> **Task directions**
Pictures stay out; everything else in the listing below is to be restated word for word.

> **Information supplied**

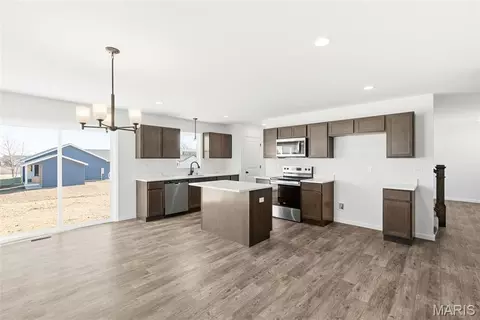 Kitchen - 1020 Samwise St, Wright City, MO 63390 photo 4 of 4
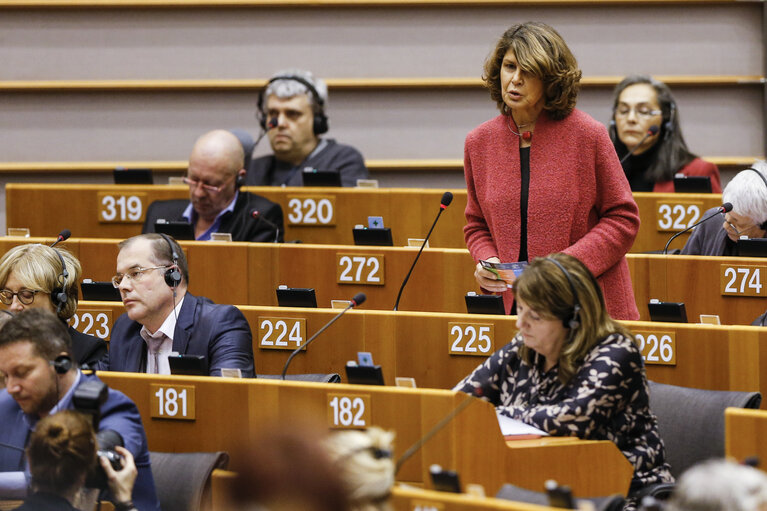 Foto 5: Plenary Session week 46 2015 in Brussels    Commission statement - Decision adopted on the European Semester package - Annual Growth Survey 2016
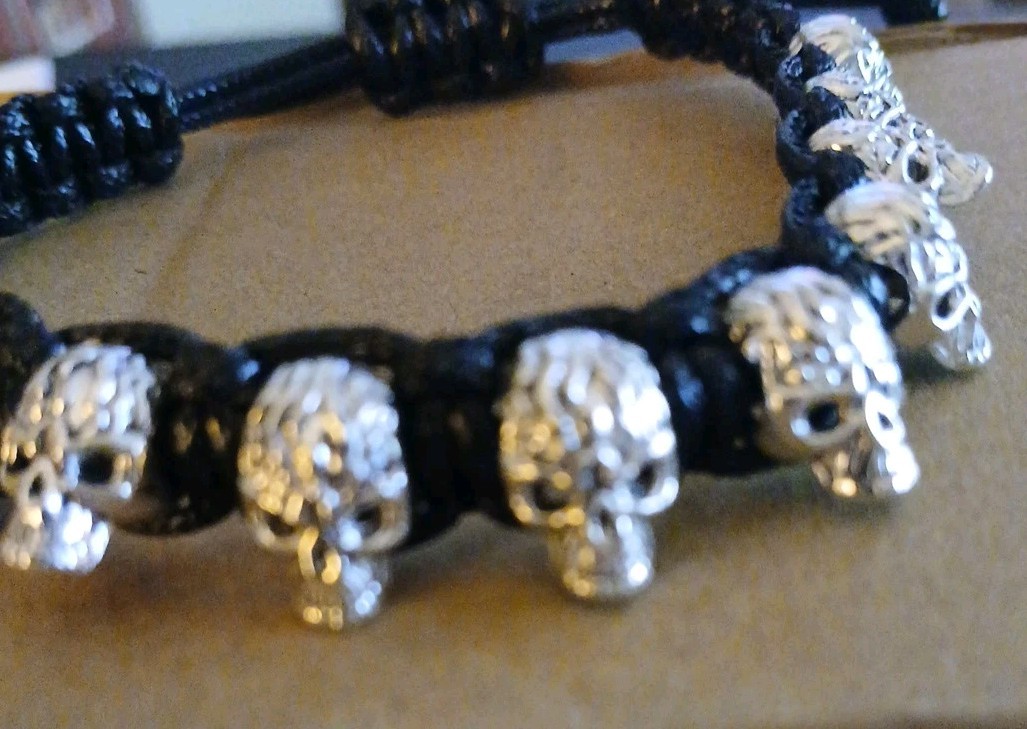 12 Silver Colored Skulls On Leather Bracelet. Unisex Teens, Adults. New!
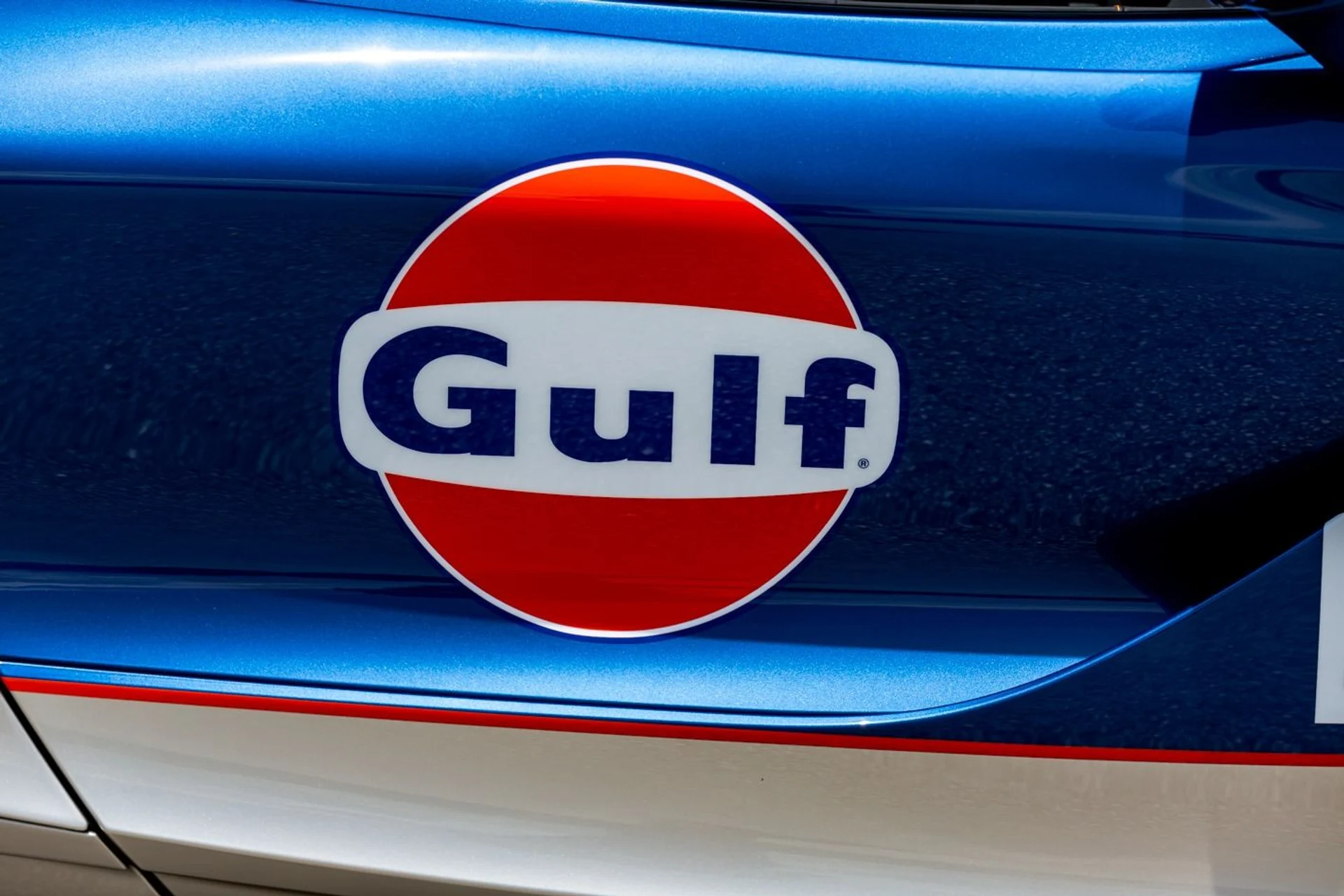 mph027_3344249840_430_p28_l_34177e9144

> **Exercise result**
 Kitchen - 1020 Samwise St, Wright City, MO 63390 photo 4 of 4
 Foto 5: Plenary Session week 46 2015 in Brussels    Commission statement - Decision adopted on the European Semester package - Annual Growth Survey 2016
 12 Silver Colored Skulls On Leather Bracelet. Unisex Teens, Adults. New!
 mph027_3344249840_430_p28_l_34177e9144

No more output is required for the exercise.